How Low Can Herbalife Go?

Shares of Herbalife (NYSE: HLF  ) hit a 52-week low yesterday. Let's take a look at how it got there and whether cloudy skies are still in the forecast.

How it got here
Investors should take note to never attract the ire of sell-side investor David Einhorn. Despite a warning even from me that Herbalife's business model seemed overvalued, it was actually Einhorn's probing shortly after the company's first-quarter earnings report that has triggered a wave of short-selling and a mass exodus from the stock.

Herbalife's quarterly report was largely more of the same -- the stock beat by $0.07 and sales increased by 21% with the company raising its full-year EPS guidance in line with Wall Street's expectations. Where the wheels fell off the bus was when Einhorn questioned management regarding sales made outside of its network of nutrition partners. The company's response that it doesn't track non-network sales sent investors into an uproar, which has led to some pundits questioning the validity of Herbalife's operations.

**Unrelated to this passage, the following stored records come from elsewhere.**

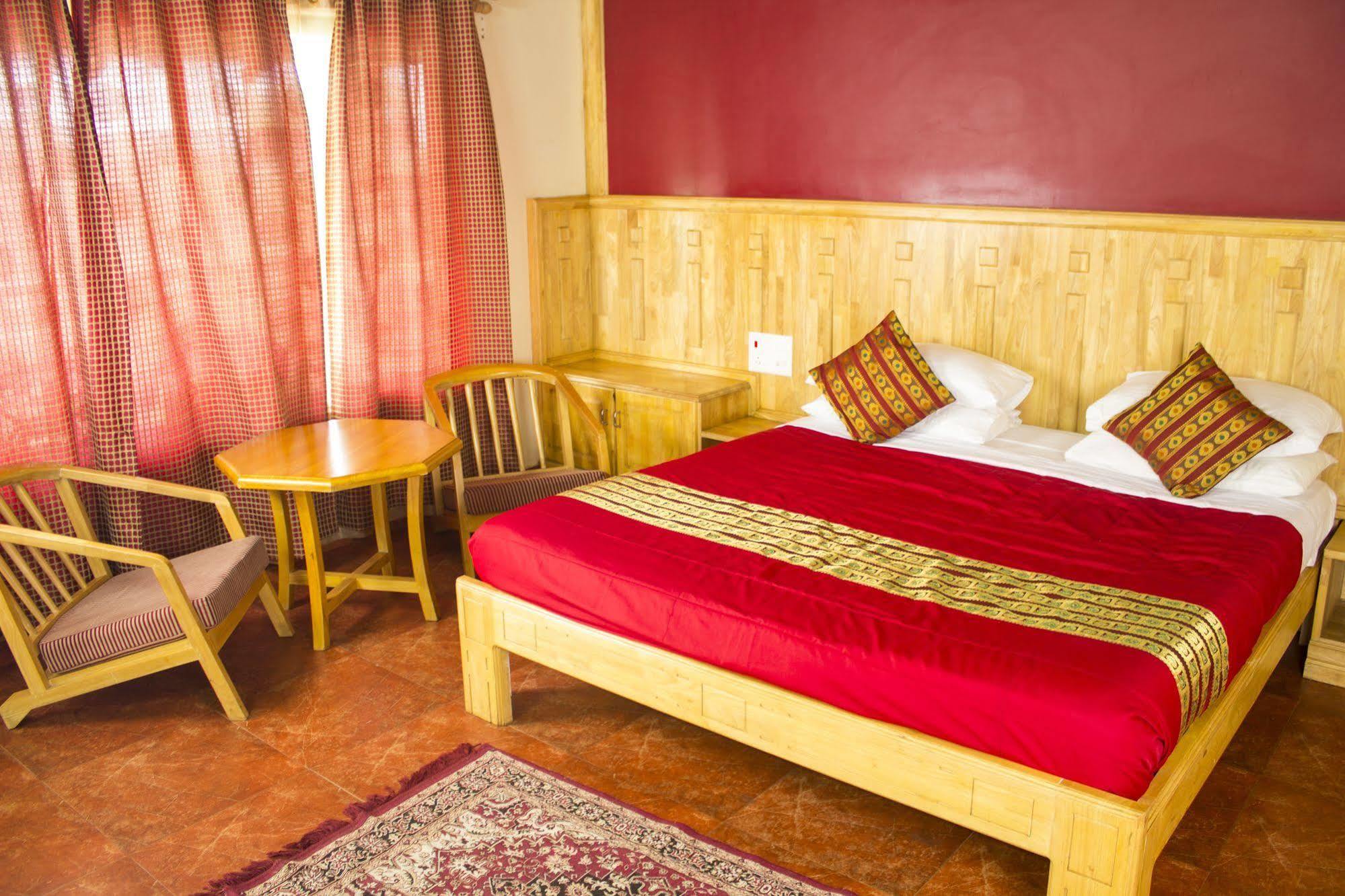 Hotel Porcupine Castle à Polibetta Extérieur photo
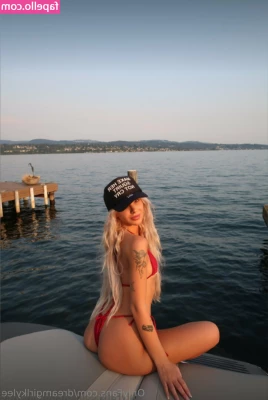 dreamgirlkylee [ dreamgirlkylee-2 ] - Web site member hotel fuck - I love fucking my web site members  This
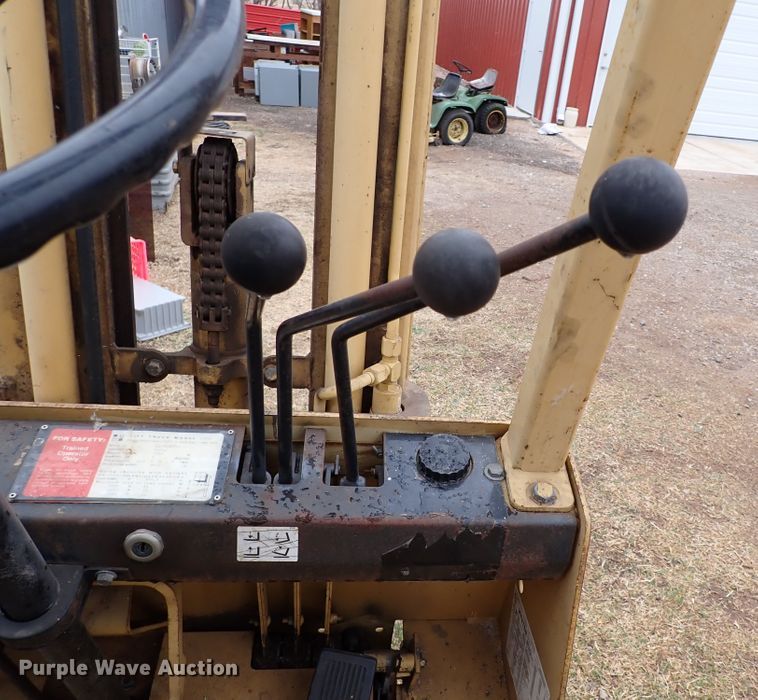 image for item IS9470 Hyster S30XL  forklift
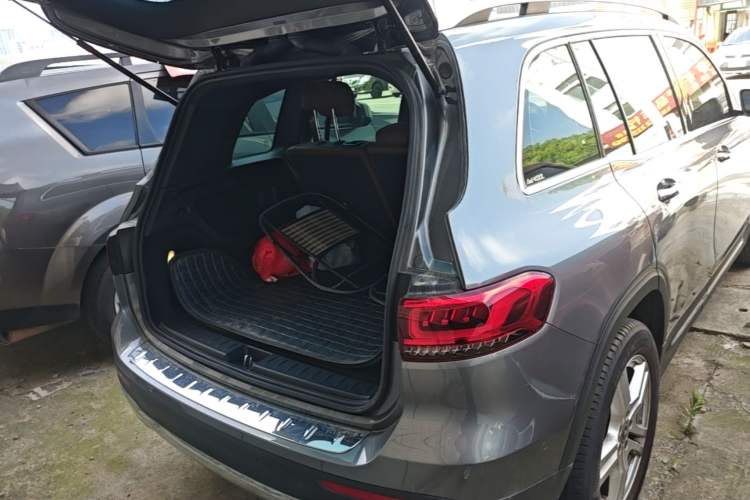 Used Mercedes-Benz GLB 2020 GLB 200 Dynamic Edition Trunk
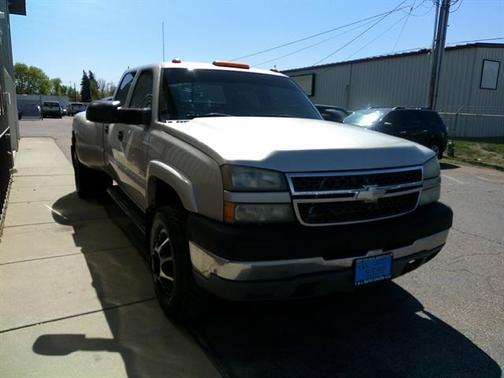 Sandstone Metallic 2005 Chevrolet Silverado 3500 LS Crew Cab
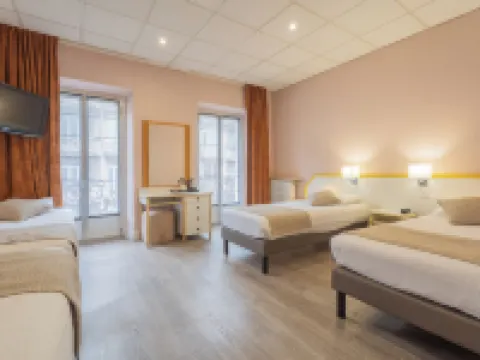 โรงแรมบุสบี โรงแรมในนีซ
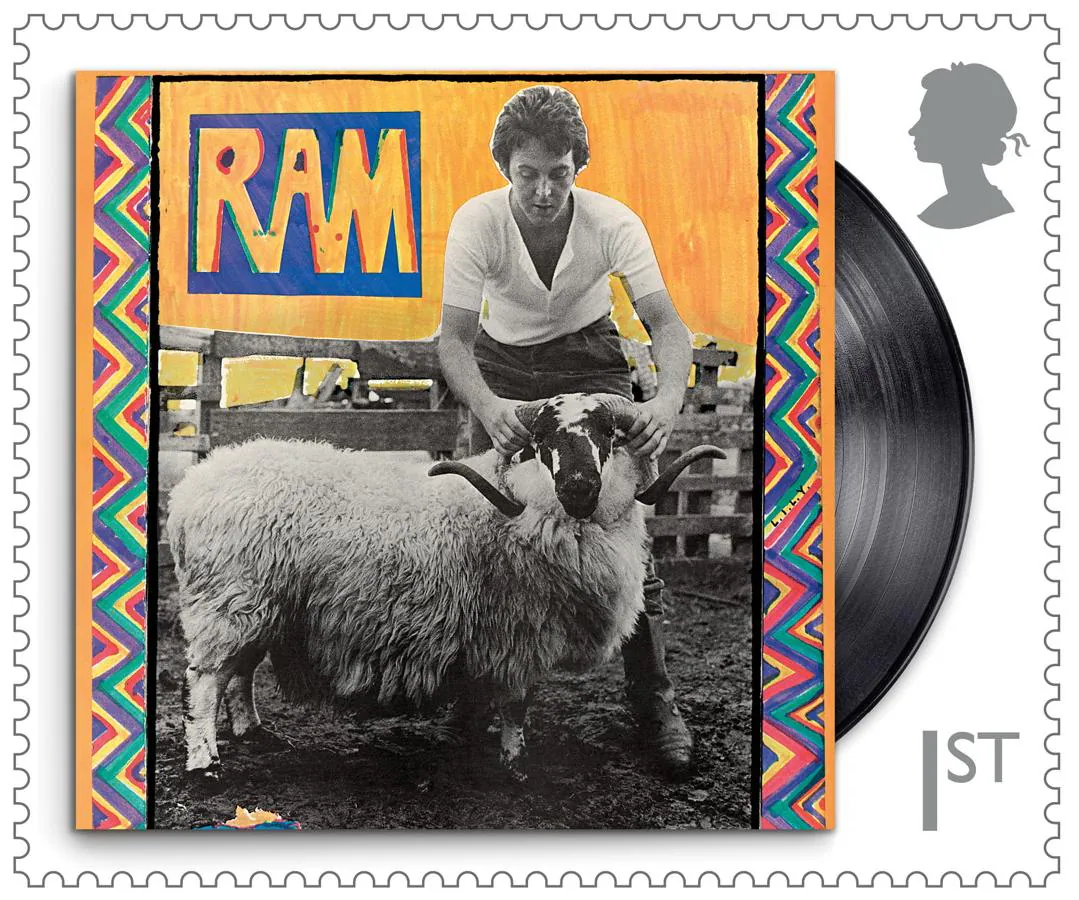 'Ram' fue el segundo de dos trabajos que McCartney publicó entre el fin de The Beatles y la formación de su propio grupo, Wings. Junto a su esposa Linda, el músico grabó Ram en Nueva York con los guitarristas David Spinozza y Hugh McCracken, así como el futuro miembro de Wings Denny Seiwell.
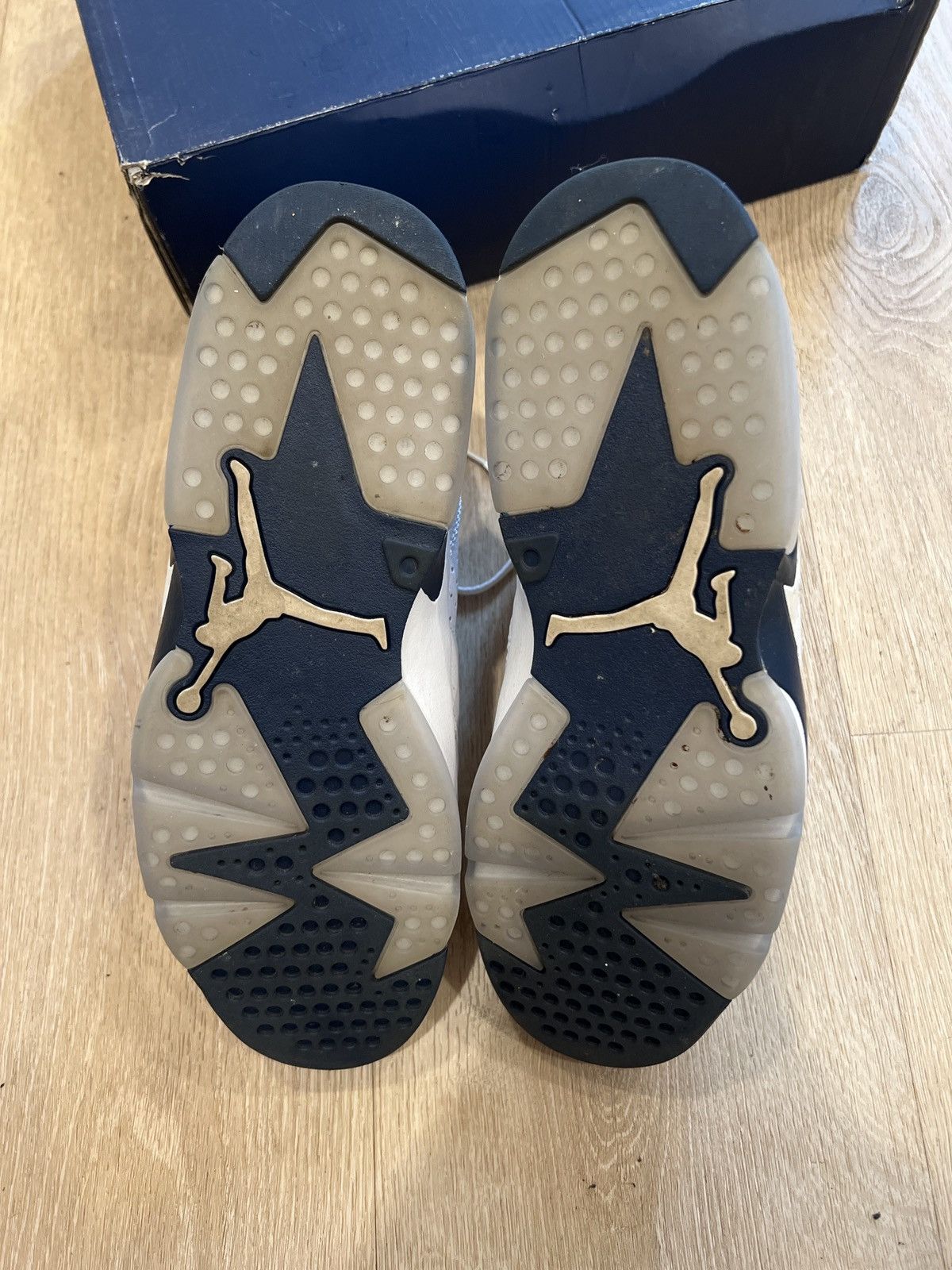 Jordan Brand Air Jordan Retro 6 Midnight Navy Size US 13 / EU 46 - 5 Thumbnail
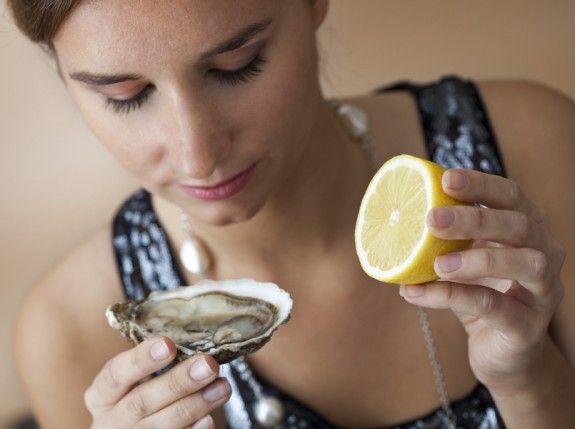 anoigma-streidia-kopela-thalassina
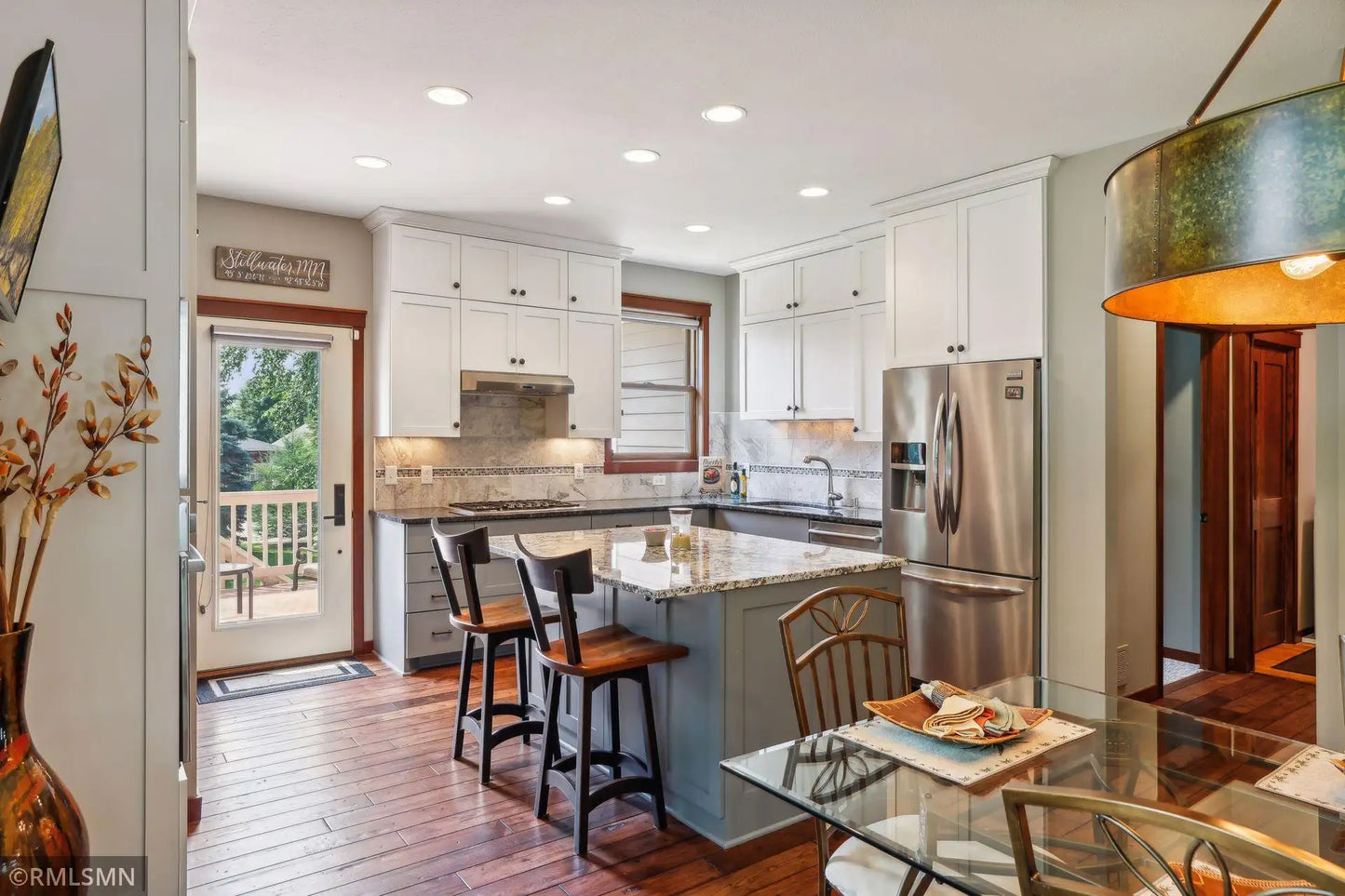 1252 Waters Path, Woodbury, MN 55129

Herbalife suffers from high distribution turnover rates. It's set up very similarly to most multilevel marketing companies in that sales representatives are hired and they in turn recruit their own representatives. Herbalife's business model has been found to be illegal in Belgium, according to a report by CNBC's Herb Greenberg. When Einhorn sounded the alarm regarding serious accounting question marks at Green Mountain Coffee Roasters and Lehman Brothers, the Street has no choice but to pay attention.

How it stacks up
Let's see how Herbalife stacks up next to its peers.

HLF Chart

HLF data by YCharts

Despite their recent struggles, nutrition-oriented companies have been solid performers over the past five years.

Company

Price / Book

Price / Cash Flow

Forward P/E

5-Year Revenue CAGR

Herbalife 9.0 11.0 10.9 12.9%
Vitamin Shoppe (NYSE: VSI  ) 4.4 20.3 23.2 12.0%
Nature's Sunshine Products (Nasdaq: NATR  ) 2.6 59.0 8.2 0.3%
Weight Watchers International (NYSE: WTW  ) N/M 11.0 10.8 8.1%

Source: Morningstar, Yahoo! Finance, author's calculations, N/M = not meaningful, CAGR = compound annual growth rate.

I've not minced words in recent weeks that I'm not a fan of the diet/health fitness sector because of the low customer loyalty that permeates the sector. These figures here serve as even more evidence of this.

Weight Watchers International missed Wall Street's earnings estimates in the first quarter as increased marketing expenses weighed down its profits. Nature's Sunshine Products' valuation appears a little more reasonable, but considering that its sales were flat year over year in its latest quarter, do you really want to pay 59 times cash flow? Vitamin Shoppe is perhaps the only truly healthy company in this grouping after it reported 9.6% same-store sales growth in its latest quarter. Herbalife has done what it can to stop the onslaught, including purchasing $427.9 million worth of its own stock, but who knows how reliable these metrics are when David Einhorn is involved.

What's next
Now for the real question: What's next for Herbalife? That question really depends on whether it can clear its name in light of Einhorn's questions and whether it can find a way to lower its distribution turnover.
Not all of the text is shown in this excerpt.